# Growing your own fodder?



## jaydee (May 10, 2012)

Depends on what you'd want to grow and what sort of soil and weather conditions you have. Also if you'd have to use a contractor or if you have your own machinery


----------



## Chevaux (Jun 27, 2012)

Like Jaydee says - it depends. Where we live, we have approximately 30 acres that we cut for hay (I've got 4 horses). There will be fluctuations in the quantity of hay we get off the fields based on the growing season. I do the haying by myself which required purchase of equipment like mower, rake, baler and automatic bale wagon (some new; some used - either way, dollars were involved); skill in maintaining and repairing said equipment (I'm still on the learning curve with that one) and the ability to dedicate time to getting the hay cut, baled, picked up and stacked (there's frequently narrow windows of opportunity with haying because of weather - specifically rain which is not your friend after the hay has been cut).


----------



## Left Hand Percherons (Feb 1, 2011)

Fodder is not a traditional crop. You grow it indoors on grow trays with an elaborate water and lighting system. Do your research. It's not as attractive as it's made out to be.
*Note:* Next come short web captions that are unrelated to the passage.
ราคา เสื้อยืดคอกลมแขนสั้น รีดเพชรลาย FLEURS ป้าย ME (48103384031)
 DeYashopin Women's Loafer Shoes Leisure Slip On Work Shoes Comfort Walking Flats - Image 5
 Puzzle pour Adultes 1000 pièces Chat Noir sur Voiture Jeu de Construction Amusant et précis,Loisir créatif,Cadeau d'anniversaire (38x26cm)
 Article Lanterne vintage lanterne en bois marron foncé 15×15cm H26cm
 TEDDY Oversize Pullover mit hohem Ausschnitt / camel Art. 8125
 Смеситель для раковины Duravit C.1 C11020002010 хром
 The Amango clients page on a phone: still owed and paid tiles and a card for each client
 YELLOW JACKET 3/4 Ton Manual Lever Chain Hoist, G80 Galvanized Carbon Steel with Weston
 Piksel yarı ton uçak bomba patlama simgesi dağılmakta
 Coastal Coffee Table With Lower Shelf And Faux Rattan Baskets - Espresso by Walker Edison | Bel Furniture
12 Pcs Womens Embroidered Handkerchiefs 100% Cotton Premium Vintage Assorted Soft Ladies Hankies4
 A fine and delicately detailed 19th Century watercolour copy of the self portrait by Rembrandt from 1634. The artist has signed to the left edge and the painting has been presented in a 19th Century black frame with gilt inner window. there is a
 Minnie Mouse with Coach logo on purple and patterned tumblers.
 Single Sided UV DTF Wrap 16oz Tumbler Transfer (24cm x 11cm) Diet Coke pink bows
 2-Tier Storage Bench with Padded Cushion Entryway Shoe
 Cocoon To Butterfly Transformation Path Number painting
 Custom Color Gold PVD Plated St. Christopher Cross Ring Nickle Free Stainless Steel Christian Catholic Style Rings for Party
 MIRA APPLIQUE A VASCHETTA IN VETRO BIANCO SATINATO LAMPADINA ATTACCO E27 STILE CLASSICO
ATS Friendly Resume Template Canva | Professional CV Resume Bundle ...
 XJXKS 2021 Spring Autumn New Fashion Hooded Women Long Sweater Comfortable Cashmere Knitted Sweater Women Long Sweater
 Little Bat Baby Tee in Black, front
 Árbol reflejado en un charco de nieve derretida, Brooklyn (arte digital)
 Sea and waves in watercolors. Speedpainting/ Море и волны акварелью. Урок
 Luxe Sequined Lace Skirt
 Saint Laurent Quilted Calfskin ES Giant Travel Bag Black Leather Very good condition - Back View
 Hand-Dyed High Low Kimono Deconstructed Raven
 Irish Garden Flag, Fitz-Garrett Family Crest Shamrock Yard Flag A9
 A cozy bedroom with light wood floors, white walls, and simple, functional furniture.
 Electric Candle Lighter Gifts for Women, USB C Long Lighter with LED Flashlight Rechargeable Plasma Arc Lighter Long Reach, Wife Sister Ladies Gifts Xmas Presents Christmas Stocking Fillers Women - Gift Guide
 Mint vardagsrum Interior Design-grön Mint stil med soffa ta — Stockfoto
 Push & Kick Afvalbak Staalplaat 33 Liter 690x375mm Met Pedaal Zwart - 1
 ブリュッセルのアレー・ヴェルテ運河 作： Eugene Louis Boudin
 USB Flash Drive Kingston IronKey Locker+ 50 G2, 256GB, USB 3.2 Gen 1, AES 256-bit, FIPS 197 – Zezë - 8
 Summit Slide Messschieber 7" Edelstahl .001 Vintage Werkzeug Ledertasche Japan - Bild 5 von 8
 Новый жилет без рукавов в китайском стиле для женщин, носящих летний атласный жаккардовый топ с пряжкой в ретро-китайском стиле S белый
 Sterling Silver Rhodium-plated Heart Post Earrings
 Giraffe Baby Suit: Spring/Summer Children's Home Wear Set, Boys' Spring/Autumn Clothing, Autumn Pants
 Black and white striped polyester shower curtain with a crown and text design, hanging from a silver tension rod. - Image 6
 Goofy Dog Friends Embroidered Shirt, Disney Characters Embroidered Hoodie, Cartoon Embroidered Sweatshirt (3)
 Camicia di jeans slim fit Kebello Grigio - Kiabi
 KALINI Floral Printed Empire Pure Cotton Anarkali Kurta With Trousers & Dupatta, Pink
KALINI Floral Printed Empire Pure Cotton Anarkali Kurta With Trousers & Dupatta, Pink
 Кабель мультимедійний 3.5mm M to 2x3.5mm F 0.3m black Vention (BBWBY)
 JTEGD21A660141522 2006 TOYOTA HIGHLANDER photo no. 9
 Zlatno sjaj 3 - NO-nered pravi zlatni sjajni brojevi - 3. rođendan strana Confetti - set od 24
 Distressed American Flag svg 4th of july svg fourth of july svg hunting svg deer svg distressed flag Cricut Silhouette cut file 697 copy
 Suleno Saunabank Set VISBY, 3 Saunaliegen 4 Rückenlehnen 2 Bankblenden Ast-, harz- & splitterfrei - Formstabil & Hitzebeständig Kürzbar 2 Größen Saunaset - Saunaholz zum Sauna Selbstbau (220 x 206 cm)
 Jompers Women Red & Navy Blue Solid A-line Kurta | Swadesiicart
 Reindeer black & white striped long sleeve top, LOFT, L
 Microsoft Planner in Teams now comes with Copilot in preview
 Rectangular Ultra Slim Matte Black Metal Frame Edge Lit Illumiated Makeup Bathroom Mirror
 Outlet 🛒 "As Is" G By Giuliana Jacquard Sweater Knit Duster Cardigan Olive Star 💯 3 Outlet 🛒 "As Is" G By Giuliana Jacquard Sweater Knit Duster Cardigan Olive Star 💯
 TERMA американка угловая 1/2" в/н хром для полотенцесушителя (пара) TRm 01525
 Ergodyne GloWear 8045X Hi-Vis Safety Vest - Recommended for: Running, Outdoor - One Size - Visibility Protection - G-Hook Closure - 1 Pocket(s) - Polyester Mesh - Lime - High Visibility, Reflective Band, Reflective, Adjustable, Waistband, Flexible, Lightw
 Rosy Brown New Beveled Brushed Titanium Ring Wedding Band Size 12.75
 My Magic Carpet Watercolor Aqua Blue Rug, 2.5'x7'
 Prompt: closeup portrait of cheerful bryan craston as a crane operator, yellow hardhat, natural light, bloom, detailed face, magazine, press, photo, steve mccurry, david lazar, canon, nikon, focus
You have to feed approximately 5X the fodder to make the equivalent hay. (fodder is about 85% by weight water while hay is usually less than 10%) Say you feed 20# of hay a day per horse, that would be 100# of fodder. 5 horses, that's 500# a day. A typical "biscuit" (tray) is 13#. If you only fed fodder and no hay, that would be 38 trays a day. Average 5-7 days germination, you would have 228 in production at any given time.


----------



## jaydee (May 10, 2012)

I wasn't understanding that the OP meant hydroponic fodder but some sort of harvestable horse feed - also called fodder (at least it is in the UK)


----------



## Left Hand Percherons (Feb 1, 2011)

I realize as well that fodder can mean other things. If however the OP did mean fodder make from cereal grain residue is that the best thing to be feeding (we're talking 5 horses not 100 feeder calves)? If we are making fodder out of hays, why not feed hay? With all the misinformation about (hydroponic) fodder out there, I'm going to immediately think that's what people are talking about.


----------